I really do believe almost all families are dysfunctional, it is just that some know it.

Can there be subtle activism underlying a good story? I’ve always felt that about Serious Men.

In a story, we must not confuse the persistence of justice with activism. I can clearly see why you feel there is an activist strand in Serious Men. The protagonist is a Dalit, a social underdog, and he has to pull off a difficult trick—to make the world believe his son is a genius, when he is not. We are all with him because he is poor and smart. But the larger point I wanted to argue is that extreme intelligence is a probability, hence it can be anywhere, it can be in a chawl. So, what appears to be an activist strand in the novel is actually the opposite—an ode to the strong, to strength, to cerebral upperclass.
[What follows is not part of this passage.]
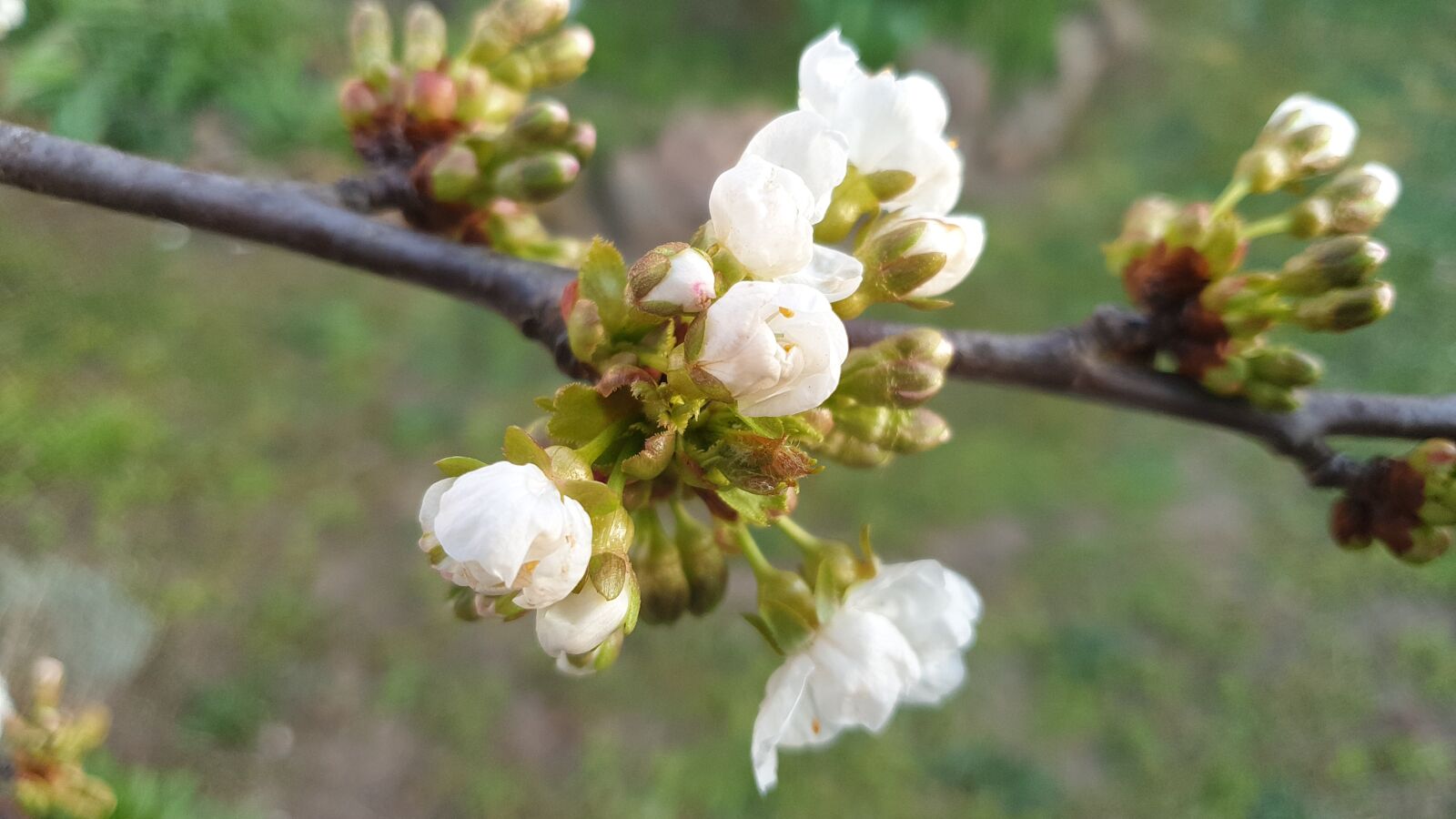 Samsung Galaxy Note9 sample photo. Cherry, flower, nature photography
But I do agree that morality is an exquisite plot device. It is from morality that we derive the best form of movement in a story. All storytellers who have tried to challenge the value of morality in storytelling are doomed.
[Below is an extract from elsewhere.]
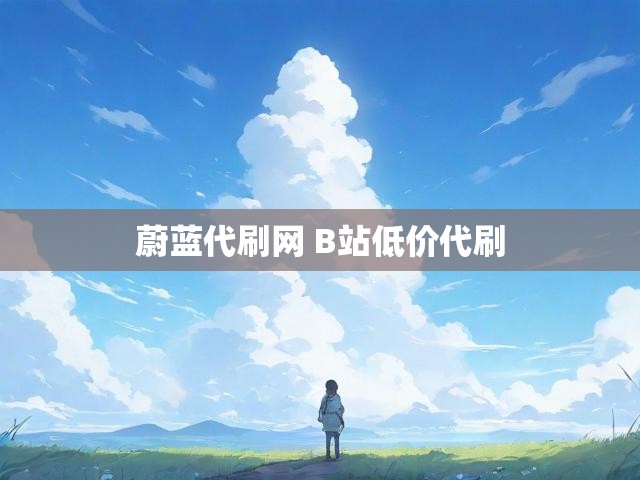 蔚蓝代刷网 B站低价代刷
“What I object to is the elevation of outrage, self-righteousness, and posturing as high journalistic qualities.”

Who are the writers, the stories that have influenced your own?

I am not influenced by anyone but I do like some people. Various parts of my novels are influenced by various things, simple things, objects and moments.

I attended a recent event you spoke at in Mumbai, and you had strong views on the journalistic establishment; particularly that there’s a lot of activism masquerading as journalism. What would you label the nature of your columns for Mint, and before that, The New York Times?

I do not question the fact a bit of moral tension is encoiled in writing, especially journalistic writing. What I object to is the elevation of outrage, self-righteousness, and posturing as high journalistic qualities, and the casting of storytelling and entertainment as subordinate to the farcical proclamations of a writer’s nobility. Journalism is primarily storytelling, everything else only follows from there.